:: PROBLEM DESCRIPTION ::
Of the records that follow, copy only the lines from the line containing "Apartamento à venda com 250m², 3 quartos e 4 vagas Apartamento" to the line containing "Cheesecake frozen yoghurt", both included, exactly as written.

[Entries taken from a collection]
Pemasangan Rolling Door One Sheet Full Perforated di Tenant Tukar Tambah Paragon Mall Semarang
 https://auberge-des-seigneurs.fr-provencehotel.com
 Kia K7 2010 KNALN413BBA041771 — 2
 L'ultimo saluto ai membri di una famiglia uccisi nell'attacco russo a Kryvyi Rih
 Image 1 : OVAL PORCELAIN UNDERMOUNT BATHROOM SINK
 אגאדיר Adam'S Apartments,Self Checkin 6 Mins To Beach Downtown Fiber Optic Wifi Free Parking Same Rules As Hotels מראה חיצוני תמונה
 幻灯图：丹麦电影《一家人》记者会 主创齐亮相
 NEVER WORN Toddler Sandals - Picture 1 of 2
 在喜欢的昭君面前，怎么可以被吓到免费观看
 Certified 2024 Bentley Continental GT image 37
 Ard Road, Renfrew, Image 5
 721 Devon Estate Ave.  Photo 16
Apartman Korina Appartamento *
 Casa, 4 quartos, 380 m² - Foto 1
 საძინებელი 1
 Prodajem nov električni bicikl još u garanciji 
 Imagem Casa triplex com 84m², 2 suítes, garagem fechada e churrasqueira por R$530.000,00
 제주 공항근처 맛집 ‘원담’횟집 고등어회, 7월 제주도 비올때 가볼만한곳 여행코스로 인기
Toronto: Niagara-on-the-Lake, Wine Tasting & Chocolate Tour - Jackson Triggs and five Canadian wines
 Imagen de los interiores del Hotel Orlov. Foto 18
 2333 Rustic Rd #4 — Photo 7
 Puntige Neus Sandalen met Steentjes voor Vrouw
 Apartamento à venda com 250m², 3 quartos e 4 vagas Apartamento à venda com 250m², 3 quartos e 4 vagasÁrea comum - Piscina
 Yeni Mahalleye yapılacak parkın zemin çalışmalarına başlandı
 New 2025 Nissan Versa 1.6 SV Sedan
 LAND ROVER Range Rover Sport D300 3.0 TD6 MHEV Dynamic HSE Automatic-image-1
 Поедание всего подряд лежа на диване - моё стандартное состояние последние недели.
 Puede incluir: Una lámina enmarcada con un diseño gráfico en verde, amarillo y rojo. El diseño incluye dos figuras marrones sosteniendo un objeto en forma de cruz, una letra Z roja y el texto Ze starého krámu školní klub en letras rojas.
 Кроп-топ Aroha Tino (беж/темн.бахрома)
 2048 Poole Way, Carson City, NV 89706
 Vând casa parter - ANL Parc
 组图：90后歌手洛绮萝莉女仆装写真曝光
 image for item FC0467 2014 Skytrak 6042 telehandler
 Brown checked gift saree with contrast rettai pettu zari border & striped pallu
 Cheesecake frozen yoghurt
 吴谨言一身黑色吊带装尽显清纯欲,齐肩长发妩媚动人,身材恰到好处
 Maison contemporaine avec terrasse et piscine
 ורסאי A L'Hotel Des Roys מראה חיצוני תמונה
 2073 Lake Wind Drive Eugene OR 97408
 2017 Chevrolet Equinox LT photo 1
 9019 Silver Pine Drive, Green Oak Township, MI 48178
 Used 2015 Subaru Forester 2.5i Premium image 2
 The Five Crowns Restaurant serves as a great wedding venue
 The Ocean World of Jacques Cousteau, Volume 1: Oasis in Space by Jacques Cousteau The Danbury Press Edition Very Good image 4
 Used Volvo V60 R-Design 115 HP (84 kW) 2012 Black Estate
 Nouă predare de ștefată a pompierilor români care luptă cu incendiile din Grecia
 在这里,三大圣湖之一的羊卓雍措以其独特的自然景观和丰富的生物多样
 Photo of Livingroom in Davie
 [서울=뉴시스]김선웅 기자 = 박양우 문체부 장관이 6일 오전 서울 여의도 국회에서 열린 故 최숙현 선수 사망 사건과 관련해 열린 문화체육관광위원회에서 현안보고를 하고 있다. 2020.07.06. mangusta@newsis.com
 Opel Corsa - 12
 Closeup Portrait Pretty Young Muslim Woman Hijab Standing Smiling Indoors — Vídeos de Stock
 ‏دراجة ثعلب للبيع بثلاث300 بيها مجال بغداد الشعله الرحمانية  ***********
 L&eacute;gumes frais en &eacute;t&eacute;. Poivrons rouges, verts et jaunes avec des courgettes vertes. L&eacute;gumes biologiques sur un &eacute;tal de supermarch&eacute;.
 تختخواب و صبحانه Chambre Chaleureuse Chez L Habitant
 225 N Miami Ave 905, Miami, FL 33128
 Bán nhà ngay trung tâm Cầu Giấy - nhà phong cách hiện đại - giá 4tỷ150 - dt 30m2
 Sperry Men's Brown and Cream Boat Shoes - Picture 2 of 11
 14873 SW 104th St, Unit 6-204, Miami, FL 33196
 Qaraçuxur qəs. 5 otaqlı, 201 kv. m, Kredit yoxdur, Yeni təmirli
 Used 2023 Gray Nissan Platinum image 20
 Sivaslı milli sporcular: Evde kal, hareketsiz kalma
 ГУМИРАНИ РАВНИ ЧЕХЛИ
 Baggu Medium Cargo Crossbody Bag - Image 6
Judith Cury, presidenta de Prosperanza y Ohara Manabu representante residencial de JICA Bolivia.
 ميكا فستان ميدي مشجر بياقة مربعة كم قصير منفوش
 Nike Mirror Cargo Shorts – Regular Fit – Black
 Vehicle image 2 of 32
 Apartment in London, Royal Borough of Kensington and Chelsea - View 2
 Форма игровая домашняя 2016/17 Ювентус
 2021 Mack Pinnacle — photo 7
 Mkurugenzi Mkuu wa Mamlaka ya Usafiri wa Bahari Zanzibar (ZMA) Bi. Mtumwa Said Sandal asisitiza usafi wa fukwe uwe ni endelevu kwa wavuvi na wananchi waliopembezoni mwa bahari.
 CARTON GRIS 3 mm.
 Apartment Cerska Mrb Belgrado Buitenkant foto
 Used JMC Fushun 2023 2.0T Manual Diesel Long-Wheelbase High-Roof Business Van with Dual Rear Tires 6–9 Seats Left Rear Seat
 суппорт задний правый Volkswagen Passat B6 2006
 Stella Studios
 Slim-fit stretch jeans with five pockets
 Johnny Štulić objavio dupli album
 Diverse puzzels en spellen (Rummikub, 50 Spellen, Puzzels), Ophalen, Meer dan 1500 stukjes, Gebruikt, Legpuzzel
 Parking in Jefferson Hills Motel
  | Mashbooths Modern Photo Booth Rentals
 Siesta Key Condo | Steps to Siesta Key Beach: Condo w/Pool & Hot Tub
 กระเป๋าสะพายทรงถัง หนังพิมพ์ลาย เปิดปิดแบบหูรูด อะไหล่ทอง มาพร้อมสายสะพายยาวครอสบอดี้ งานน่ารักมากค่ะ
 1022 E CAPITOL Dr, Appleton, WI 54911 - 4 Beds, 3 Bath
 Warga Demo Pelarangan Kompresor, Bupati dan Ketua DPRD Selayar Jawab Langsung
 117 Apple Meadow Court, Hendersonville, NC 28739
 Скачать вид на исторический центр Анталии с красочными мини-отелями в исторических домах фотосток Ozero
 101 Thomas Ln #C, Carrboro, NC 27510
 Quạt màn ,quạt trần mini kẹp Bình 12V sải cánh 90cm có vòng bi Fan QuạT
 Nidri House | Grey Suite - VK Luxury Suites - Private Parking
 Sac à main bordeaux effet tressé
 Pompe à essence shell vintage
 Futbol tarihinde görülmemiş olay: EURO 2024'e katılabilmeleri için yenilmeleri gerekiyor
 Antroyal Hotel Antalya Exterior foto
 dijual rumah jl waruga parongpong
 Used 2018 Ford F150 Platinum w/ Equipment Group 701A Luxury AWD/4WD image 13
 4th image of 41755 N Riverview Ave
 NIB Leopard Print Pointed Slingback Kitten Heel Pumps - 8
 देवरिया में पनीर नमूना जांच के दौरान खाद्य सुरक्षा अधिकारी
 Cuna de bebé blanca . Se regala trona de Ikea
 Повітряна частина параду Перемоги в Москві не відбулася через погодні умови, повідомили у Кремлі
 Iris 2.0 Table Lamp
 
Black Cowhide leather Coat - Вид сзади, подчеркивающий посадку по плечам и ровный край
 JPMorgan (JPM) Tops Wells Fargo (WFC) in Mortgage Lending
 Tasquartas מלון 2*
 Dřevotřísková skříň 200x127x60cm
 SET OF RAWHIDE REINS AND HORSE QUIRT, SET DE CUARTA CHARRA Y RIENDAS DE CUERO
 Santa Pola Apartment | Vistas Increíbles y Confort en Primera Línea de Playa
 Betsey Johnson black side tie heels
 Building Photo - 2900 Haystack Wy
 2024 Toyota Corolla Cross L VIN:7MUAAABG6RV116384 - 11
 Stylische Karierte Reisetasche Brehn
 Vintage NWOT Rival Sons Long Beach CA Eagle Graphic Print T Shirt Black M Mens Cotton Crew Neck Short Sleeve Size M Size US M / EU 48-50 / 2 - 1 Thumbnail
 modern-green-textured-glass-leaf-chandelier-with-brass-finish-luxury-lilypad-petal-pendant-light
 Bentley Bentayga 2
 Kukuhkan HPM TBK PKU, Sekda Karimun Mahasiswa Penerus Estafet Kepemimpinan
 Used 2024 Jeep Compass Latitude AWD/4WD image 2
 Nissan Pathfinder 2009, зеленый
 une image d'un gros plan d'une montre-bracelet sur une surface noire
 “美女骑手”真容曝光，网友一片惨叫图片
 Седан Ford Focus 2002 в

:: RESPONSE ::
 Apartamento à venda com 250m², 3 quartos e 4 vagas Apartamento à venda com 250m², 3 quartos e 4 vagasÁrea comum - Piscina
 Yeni Mahalleye yapılacak parkın zemin çalışmalarına başlandı
 New 2025 Nissan Versa 1.6 SV Sedan
 LAND ROVER Range Rover Sport D300 3.0 TD6 MHEV Dynamic HSE Automatic-image-1
 Поедание всего подряд лежа на диване - моё стандартное состояние последние недели.
 Puede incluir: Una lámina enmarcada con un diseño gráfico en verde, amarillo y rojo. El diseño incluye dos figuras marrones sosteniendo un objeto en forma de cruz, una letra Z roja y el texto Ze starého krámu školní klub en letras rojas.
 Кроп-топ Aroha Tino (беж/темн.бахрома)
 2048 Poole Way, Carson City, NV 89706
 Vând casa parter - ANL Parc
 组图：90后歌手洛绮萝莉女仆装写真曝光
 image for item FC0467 2014 Skytrak 6042 telehandler
 Brown checked gift saree with contrast rettai pettu zari border & striped pallu
 Cheesecake frozen yoghurt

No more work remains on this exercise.